算法是指数据输入与输出时的底层实现逻辑。不同的算法可能具有不同的运行速度,但实现的功能相同。
如何学习数据结构
- 深入理解代码逻辑。
- 结合图示与思考进行推导。
算法效率
什么是算法效率?
算法效率指代码运行的快慢。即使最终结果相同,不同实现方式的运行效率可能存在差异。
复杂度的计算
衡量算法好坏通常从时间与空间两个维度进行:
- 时间复杂度:衡量算法运行时间的快慢。
- 空间复杂度:衡量算法运行时所需的额外空间。
时间复杂度
定义
时间复杂度是一个函数 $T(N)$,定量描述了算法的运行时间。
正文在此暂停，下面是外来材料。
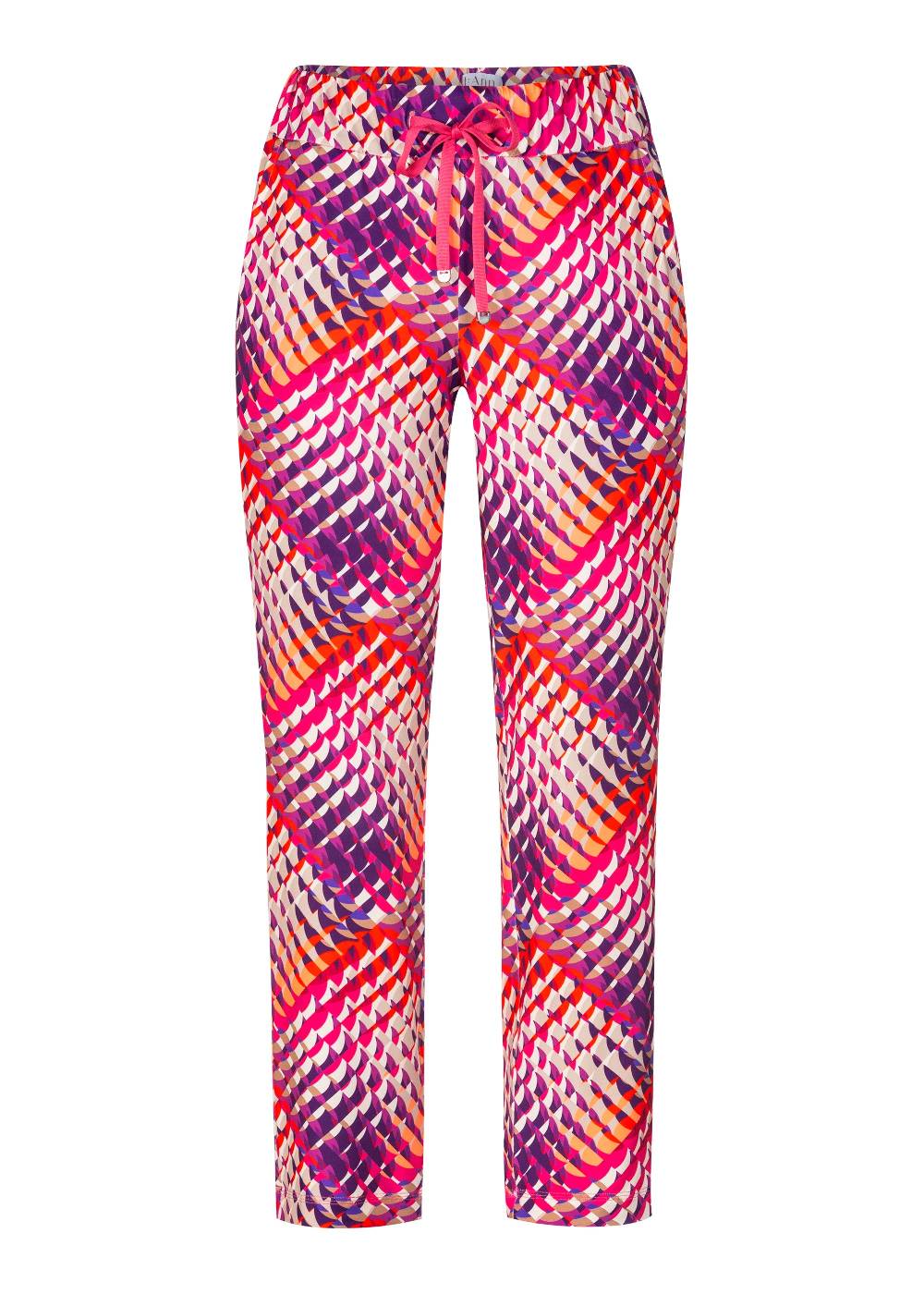 Stehmann 6/8-Jogpants Roxana in Bi-Stretch Jersey Verkauf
我们不直接计算程序的实际运行时间,原因如下:
- 相同代码在不同编译器或机器上运行时间不同。
- 测试需要代码完成后才能进行,影响开发效率。
- 使用 $T(N)$ 模型可大致判断代码运行效率,提高分析与书写效率。
计算原则
计算 $T(N)$ 时,通常关注程序中最坏情况下的最大运行时间。
示例分析
请计算以下 Func1 中 ++count 语句总共执行了多少次?
void Func1(int N) {
int count = 0;
for (int i = 0; i < N; ++i) {
for (int j = 0; j < N; ++j) {
++count;
}
}
for (int k = 0; k < 2 * N; ++k) {
++count;
}
int M = 10;
while (M--) {
++count;
}
}
该函数的时间复杂度主要由循环次数决定。